43. Le Gouvernement soutient que les circonstances de la présente affaire se distinguent de celles de l’affaire Trgo, dans laquelle l’article 1 du Protocole no 1 avait été jugé applicable (paragraphe 37 ci-dessus). Il se fonde sur ce que les requérants en l’espèce ont formé leur action au civil le 4 avril 2002, soit postérieurement à l’abrogation de l’article 388 § 4 de la loi de 1996 dans sa version initiale (paragraphes 10, 12 et 37 ci-dessus). Cette disposition, en vigueur entre le 1er janvier 1997 et le 14 décembre 1999 (paragraphes 8, 10 et 27-28 ci-dessus), prévoyait que, dans le calcul du délai d’acquisition par usucapion de biens immobiliers en propriété sociale détenus au 8 octobre 1991, le temps écoulé antérieurement à cette date devait être pris en compte (paragraphes 8 et 28 ci-dessus).

44. À cet égard, la Cour rappelle ce qu’elle a conclu dans l’affaire Trgo :

« 46. La Cour relève que, en droit croate, la propriété, en principe, peut être acquise de plein droit par usucapion dès lors que toutes les conditions légales sont remplies (...)

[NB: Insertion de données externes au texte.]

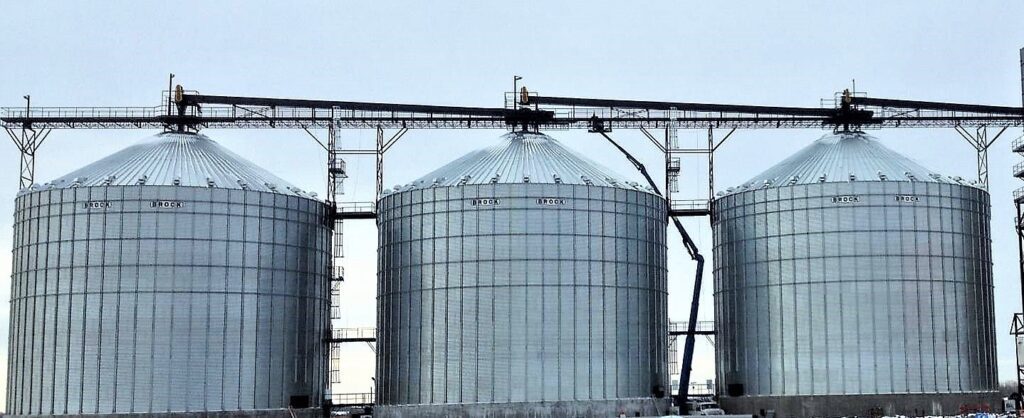 Three large grain silos.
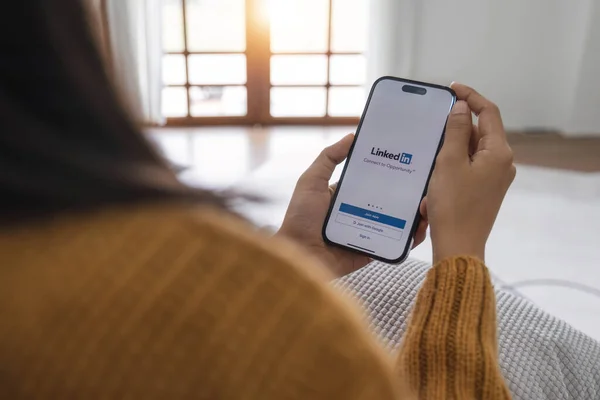 CHIANGMAI, THAILAND - 1 Mayıs 2023: Bir kadın ekranda LinkedIn uygulaması ile Apple iPhone 14 tutuyor. LinkedIn akıllı telefonlar için fotoğraf paylaşım uygulaması...
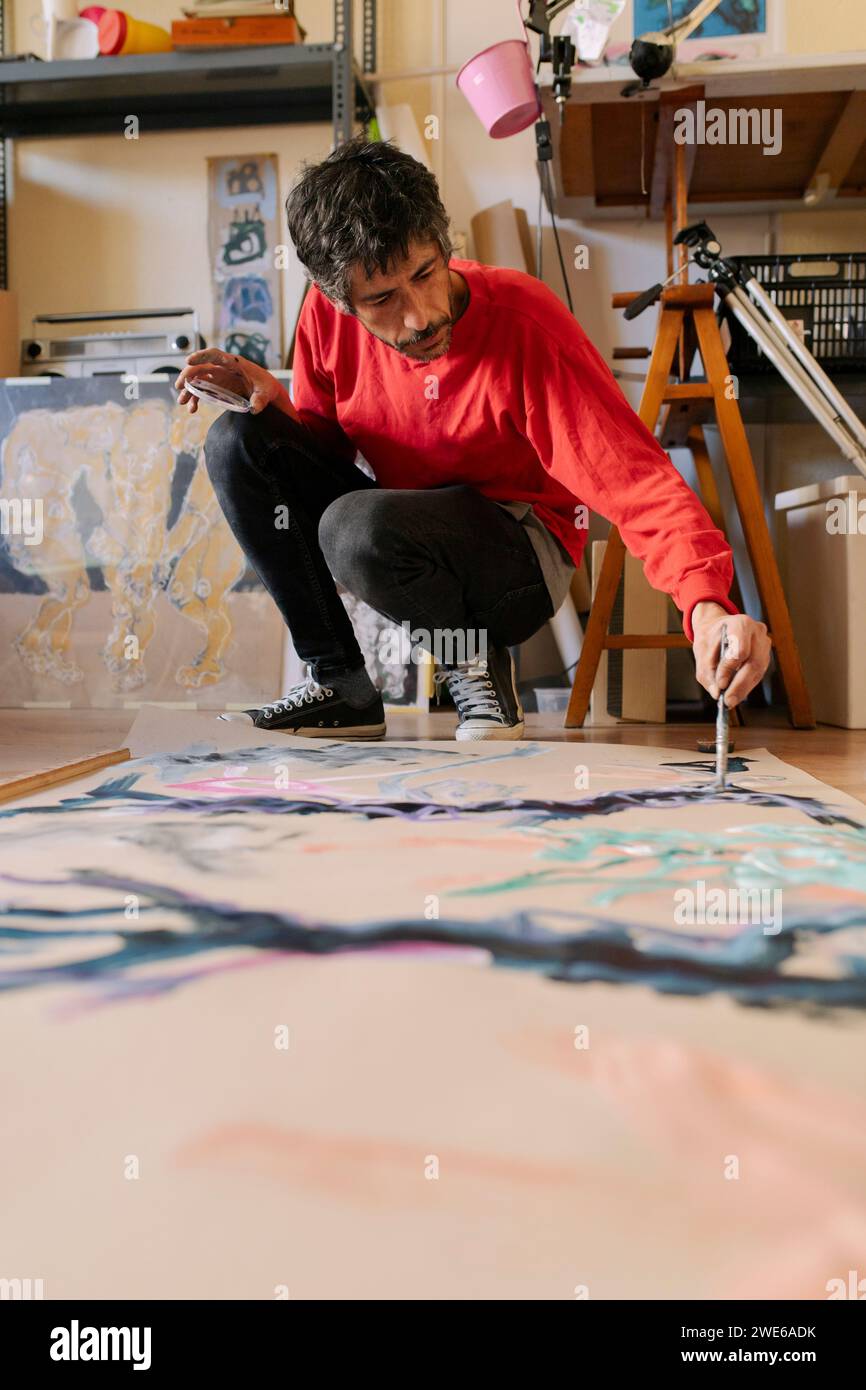 Artiste mature accroupissant et peignant sur toile à l'atelier Banque D'Images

48. Il apparaîtrait à la lecture des constats des juridictions internes (...) que nul ne contestait que le requérant et sa mère avaient exercé de bonne foi la possession exclusive et continue du bien en question depuis 1953, soit pendant plus de quarante ans, et que, dès 1993, il avait donc satisfait aux conditions légales d’acquisition de la propriété par usucapion. Il peut en être déduit que, au 1er janvier 1997, date d’entrée en vigueur de la loi de 1996, le requérant était, sur la base de l’article 388 § 4 de la loi de 1996, le propriétaire du terrain en question par l’effet de la loi. Cette disposition était restée en vigueur jusqu’à son abrogation par la Cour constitutionnelle près de trois ans plus tard. La Cour estime donc que la prétention du requérant était suffisamment fondée au regard du droit national pour s’analyser en un « actif » protégé par l’article 1 du Protocole no 1 ».

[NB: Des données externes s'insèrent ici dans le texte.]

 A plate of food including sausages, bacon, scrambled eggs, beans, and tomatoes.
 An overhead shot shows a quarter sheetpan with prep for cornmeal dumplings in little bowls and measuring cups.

45. Il ressort de ces conclusions que la date d’introduction par le requérant d’une action au civil n’a aucune incidence sur la question de savoir si ses prétentions à être reconnu propriétaire d’un bien par usucapion peuvent s’analyser en un « actif » protégé par l’article 1 du Protocole no 1 à la Convention. Ce qui importe, c’est plutôt de savoir s’il avait acquis la propriété du bien en question par l’effet de la loi à l’époque où l’article 388 § 4 de la loi de 1996, dans sa version initiale, était encore en vigueur (paragraphes 8, 10 et 27-28 ci-dessus).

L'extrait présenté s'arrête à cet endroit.